The bunker, a squat, scarred block of reinforced concrete in the city’s centre, is one of the last remaining physical links to the Nazi regime. For decades, it has sat half-forgotten, a silent reproach amidst the gleaming glass towers of modern Berlin. Now, developers see prime real estate. Local politicians, weary of its grim shadow, see a chance to move on. But the historians, led by a chorus of British voices, see an act of cultural vandalism.
‘This is madness,’ said one Oxford professor, his voice carrying across the papers. ‘To demolish this would be to whitewash history. We do not get to choose which parts of the past we preserve. We have a duty to remember the horror, precisely because it is uncomfortable.’
He has a point. The bunker, like the Holocaust Memorial nearby, forces a confrontation. It is not picturesque. It is not redemptive. It is simply there, a testament to the ideology that built it. To remove it is to suggest that we are done with that history, that we have processed it and can now build luxury apartments on its grave. But trauma does not work that way. Societies, like individuals, carry their past with them whether they like it or not.
What is interesting here is the role of the British historians. Why are they so vocal? Perhaps because the UK has its own uneasy relationship with its wartime past. Or perhaps because they see, in Berlin’s dilemma, a universal truth: that heritage is not just about what is beautiful, but what is true. The bunker is ugly, yes. It is a scar. But scars are evidence of wounds. To erase them is to pretend the wound never happened.
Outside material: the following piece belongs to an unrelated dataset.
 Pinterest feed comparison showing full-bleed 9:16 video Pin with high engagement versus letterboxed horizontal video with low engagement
On the streets of Berlin, opinion is divided. I spoke to a young barista in Kreuzberg who shrugged, ‘It’s just an old building. We have so many memorials. Why keep this one?’ A retired schoolteacher in his seventies disagreed, his voice trembling with feeling: ‘My father fought in the war. He never spoke of it. But this bunker... it speaks for him. We cannot be silent.’
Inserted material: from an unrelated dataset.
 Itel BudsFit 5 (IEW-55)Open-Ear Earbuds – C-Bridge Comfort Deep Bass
This is the human cost behind the headlines. The bunker is not just a tourist attraction or a political football. It is a container for memory, for grief, for the unresolved. And the proposed demolition touches a nerve that runs deep in the German psyche: the desire to be normal, to be like other nations, to leave the past behind. But history has a way of refusing to stay buried.
The row will likely continue, with court cases and petitions and angry op-eds. But the real question is simpler: what do we owe the dead? And what do we owe the future? The bunker, if it survives, will stand as a warning. If it falls, it will be a surrender. The choice, as always, is ours.